Work to be completed: Once you find the line containing "Finally, those are" in the data below, copy it and each following line exactly, up to and including the line containing "Using SOLIDWORKS Simulation, you", and nothing else.

Given data:
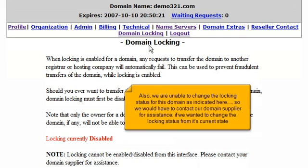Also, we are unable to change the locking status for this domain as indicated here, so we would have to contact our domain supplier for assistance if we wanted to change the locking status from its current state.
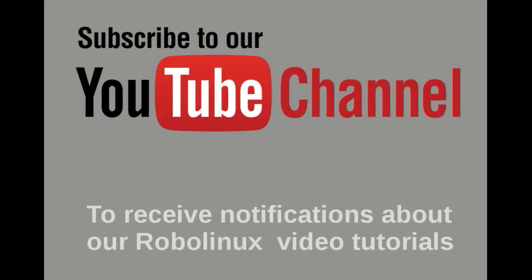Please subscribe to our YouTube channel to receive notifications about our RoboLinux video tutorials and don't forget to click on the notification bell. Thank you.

* * *

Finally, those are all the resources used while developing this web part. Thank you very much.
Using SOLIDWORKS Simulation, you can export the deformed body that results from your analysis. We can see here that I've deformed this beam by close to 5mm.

Output for this exercise:
Finally, those are all the resources used while developing this web part. Thank you very much.
Using SOLIDWORKS Simulation, you can export the deformed body that results from your analysis. We can see here that I've deformed this beam by close to 5mm.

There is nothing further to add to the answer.